> EXERCISE DESCRIPTION
Below this line is the material. Write out only its lines from the one containing "Another view inside" through the one containing "Woman silhouette in a sunset", both kept, exactly.

───

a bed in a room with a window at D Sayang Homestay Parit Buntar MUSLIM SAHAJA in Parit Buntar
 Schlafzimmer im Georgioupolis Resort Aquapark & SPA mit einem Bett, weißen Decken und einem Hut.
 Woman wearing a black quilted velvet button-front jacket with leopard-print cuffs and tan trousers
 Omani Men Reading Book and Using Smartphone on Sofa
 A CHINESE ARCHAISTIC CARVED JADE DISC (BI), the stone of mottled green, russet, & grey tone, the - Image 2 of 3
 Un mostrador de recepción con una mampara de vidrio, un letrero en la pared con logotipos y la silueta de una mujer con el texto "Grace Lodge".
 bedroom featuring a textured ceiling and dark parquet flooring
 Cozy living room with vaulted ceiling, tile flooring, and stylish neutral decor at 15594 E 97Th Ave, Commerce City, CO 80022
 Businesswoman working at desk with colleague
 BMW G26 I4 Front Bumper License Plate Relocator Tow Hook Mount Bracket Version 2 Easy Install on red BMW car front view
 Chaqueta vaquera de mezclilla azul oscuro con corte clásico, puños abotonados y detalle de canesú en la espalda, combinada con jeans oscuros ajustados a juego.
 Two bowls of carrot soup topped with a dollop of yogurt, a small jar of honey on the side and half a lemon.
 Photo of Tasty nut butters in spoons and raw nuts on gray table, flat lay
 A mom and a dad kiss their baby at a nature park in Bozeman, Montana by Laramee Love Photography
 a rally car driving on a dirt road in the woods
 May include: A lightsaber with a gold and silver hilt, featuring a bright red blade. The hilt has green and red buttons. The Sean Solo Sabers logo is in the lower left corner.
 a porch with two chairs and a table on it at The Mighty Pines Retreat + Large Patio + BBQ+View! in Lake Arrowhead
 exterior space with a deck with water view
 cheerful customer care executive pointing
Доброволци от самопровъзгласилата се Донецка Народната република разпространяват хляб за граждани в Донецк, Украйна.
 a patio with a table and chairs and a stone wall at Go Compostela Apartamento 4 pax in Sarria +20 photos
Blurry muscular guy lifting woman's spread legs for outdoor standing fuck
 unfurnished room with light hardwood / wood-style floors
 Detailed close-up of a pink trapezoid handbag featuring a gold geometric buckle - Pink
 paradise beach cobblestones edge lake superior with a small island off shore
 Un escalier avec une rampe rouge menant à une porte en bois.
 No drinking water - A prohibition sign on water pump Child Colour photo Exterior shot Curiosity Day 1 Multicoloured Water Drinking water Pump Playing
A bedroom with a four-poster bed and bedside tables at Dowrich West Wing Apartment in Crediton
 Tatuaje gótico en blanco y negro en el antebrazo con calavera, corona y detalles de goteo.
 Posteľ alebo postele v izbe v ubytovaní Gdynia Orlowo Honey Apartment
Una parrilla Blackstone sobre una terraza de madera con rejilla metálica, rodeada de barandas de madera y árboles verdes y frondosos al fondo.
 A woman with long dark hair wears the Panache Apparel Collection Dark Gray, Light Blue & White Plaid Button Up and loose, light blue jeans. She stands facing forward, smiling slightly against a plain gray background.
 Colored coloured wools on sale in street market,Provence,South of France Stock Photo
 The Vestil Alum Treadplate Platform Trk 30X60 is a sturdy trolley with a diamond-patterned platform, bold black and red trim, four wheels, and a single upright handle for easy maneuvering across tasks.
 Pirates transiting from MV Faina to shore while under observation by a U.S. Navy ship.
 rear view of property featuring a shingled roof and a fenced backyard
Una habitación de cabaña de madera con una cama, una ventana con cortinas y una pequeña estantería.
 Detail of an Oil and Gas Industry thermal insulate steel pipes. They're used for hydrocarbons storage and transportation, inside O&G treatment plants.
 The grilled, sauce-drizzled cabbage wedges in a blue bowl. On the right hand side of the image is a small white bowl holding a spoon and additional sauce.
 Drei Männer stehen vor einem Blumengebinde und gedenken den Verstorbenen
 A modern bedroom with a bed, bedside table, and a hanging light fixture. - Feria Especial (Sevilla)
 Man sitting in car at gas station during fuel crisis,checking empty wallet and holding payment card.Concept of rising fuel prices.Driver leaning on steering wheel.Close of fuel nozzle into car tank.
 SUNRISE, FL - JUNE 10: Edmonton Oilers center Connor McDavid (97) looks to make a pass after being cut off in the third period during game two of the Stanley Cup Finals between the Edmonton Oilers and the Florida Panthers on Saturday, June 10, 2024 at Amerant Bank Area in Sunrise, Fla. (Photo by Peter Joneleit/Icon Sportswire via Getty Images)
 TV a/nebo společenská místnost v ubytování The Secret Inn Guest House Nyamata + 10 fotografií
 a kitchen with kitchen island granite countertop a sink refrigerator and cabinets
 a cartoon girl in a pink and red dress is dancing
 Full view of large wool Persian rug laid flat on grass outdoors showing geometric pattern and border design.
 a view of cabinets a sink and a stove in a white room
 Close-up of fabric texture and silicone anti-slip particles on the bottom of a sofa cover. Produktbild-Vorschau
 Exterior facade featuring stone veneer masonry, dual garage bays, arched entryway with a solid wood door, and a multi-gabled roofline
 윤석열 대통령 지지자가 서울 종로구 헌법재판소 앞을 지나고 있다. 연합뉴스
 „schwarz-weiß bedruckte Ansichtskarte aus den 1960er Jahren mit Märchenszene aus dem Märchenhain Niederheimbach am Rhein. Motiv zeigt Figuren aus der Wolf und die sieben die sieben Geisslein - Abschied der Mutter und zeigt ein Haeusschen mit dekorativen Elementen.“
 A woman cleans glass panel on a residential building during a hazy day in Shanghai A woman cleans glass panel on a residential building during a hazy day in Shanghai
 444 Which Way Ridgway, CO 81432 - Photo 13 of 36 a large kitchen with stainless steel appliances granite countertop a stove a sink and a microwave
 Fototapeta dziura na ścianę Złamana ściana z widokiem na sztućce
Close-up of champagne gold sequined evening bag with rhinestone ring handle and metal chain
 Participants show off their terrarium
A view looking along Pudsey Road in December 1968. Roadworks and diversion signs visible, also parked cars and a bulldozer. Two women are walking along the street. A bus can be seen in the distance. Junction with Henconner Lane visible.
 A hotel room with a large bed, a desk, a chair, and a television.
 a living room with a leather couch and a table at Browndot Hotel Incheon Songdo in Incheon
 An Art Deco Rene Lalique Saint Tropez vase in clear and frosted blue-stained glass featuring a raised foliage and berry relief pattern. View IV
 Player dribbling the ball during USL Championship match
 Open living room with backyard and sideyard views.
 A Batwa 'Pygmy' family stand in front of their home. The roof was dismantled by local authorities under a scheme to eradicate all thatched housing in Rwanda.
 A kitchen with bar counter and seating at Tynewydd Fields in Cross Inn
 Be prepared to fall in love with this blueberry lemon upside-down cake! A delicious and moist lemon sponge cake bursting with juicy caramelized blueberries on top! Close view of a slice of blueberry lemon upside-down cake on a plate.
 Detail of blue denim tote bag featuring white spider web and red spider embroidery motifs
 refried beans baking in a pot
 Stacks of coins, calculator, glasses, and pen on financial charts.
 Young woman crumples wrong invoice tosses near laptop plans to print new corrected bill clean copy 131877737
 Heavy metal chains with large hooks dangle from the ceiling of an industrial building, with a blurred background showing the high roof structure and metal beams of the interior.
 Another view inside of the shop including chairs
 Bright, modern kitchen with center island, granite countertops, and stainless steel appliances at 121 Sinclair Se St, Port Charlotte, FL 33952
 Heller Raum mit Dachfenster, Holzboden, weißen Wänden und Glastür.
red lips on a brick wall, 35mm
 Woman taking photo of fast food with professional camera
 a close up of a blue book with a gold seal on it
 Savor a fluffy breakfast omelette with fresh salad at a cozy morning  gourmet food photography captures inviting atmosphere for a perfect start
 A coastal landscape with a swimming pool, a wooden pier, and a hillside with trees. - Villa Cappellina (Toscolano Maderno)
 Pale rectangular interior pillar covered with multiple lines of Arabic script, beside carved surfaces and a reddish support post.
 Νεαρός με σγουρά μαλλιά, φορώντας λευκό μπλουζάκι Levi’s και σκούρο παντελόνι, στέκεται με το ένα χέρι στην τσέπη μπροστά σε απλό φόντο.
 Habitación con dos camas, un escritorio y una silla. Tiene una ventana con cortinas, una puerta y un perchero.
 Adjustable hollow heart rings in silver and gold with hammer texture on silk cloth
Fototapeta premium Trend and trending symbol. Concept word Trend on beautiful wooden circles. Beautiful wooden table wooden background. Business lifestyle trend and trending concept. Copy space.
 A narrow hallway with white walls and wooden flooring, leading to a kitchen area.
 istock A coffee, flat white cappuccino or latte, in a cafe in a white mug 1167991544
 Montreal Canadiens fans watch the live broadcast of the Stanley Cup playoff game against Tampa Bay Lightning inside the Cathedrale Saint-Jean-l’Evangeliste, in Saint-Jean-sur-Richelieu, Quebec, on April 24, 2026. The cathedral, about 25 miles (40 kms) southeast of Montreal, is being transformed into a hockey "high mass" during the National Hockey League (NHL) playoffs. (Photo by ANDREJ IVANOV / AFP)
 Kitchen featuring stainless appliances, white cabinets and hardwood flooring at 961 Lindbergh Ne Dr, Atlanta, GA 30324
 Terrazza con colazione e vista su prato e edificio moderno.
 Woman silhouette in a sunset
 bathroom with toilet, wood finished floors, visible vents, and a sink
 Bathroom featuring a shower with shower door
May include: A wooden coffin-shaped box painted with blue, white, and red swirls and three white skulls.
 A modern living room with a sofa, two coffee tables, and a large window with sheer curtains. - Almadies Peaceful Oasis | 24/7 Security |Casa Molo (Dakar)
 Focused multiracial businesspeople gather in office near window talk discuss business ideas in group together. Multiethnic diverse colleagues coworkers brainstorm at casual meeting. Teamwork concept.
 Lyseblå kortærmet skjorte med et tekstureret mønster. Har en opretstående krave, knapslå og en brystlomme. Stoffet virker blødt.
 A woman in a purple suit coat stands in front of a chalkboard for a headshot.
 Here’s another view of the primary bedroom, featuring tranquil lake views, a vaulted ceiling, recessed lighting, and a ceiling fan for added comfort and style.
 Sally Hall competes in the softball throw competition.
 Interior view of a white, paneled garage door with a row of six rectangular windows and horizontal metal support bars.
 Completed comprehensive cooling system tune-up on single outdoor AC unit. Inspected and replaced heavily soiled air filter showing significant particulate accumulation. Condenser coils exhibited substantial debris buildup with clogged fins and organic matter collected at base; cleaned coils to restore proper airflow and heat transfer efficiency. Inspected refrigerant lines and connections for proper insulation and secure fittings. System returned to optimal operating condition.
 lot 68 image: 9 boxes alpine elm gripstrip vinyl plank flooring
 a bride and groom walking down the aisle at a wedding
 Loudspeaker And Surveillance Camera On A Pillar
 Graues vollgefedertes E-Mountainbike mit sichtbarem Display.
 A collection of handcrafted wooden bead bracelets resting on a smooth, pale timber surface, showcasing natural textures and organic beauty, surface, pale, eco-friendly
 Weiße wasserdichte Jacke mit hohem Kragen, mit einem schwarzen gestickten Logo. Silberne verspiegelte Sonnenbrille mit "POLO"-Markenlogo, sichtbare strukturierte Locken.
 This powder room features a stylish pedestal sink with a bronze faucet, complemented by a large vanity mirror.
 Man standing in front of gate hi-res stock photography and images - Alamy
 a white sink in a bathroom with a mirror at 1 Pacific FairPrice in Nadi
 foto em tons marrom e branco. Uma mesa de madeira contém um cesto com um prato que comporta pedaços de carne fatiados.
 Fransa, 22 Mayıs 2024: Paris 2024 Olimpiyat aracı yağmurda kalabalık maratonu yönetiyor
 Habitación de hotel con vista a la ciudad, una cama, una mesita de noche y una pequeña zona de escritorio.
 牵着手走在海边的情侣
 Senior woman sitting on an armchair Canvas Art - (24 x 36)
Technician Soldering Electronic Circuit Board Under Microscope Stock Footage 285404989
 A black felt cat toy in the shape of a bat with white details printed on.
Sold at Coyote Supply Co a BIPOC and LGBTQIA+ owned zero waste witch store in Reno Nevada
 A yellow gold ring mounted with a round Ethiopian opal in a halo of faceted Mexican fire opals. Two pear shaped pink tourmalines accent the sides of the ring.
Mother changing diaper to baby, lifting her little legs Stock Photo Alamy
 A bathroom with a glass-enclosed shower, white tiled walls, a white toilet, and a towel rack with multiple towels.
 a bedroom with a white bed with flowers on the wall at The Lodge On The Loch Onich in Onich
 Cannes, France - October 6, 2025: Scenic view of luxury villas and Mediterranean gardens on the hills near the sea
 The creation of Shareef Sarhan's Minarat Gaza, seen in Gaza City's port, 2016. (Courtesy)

───

> YOUR RESPONSE
 Another view inside of the shop including chairs
 Bright, modern kitchen with center island, granite countertops, and stainless steel appliances at 121 Sinclair Se St, Port Charlotte, FL 33952
 Heller Raum mit Dachfenster, Holzboden, weißen Wänden und Glastür.
red lips on a brick wall, 35mm
 Woman taking photo of fast food with professional camera
 a close up of a blue book with a gold seal on it
 Savor a fluffy breakfast omelette with fresh salad at a cozy morning  gourmet food photography captures inviting atmosphere for a perfect start
 A coastal landscape with a swimming pool, a wooden pier, and a hillside with trees. - Villa Cappellina (Toscolano Maderno)
 Pale rectangular interior pillar covered with multiple lines of Arabic script, beside carved surfaces and a reddish support post.
 Νεαρός με σγουρά μαλλιά, φορώντας λευκό μπλουζάκι Levi’s και σκούρο παντελόνι, στέκεται με το ένα χέρι στην τσέπη μπροστά σε απλό φόντο.
 Habitación con dos camas, un escritorio y una silla. Tiene una ventana con cortinas, una puerta y un perchero.
 Adjustable hollow heart rings in silver and gold with hammer texture on silk cloth
Fototapeta premium Trend and trending symbol. Concept word Trend on beautiful wooden circles. Beautiful wooden table wooden background. Business lifestyle trend and trending concept. Copy space.
 A narrow hallway with white walls and wooden flooring, leading to a kitchen area.
 istock A coffee, flat white cappuccino or latte, in a cafe in a white mug 1167991544
 Montreal Canadiens fans watch the live broadcast of the Stanley Cup playoff game against Tampa Bay Lightning inside the Cathedrale Saint-Jean-l’Evangeliste, in Saint-Jean-sur-Richelieu, Quebec, on April 24, 2026. The cathedral, about 25 miles (40 kms) southeast of Montreal, is being transformed into a hockey "high mass" during the National Hockey League (NHL) playoffs. (Photo by ANDREJ IVANOV / AFP)
 Kitchen featuring stainless appliances, white cabinets and hardwood flooring at 961 Lindbergh Ne Dr, Atlanta, GA 30324
 Terrazza con colazione e vista su prato e edificio moderno.
 Woman silhouette in a sunset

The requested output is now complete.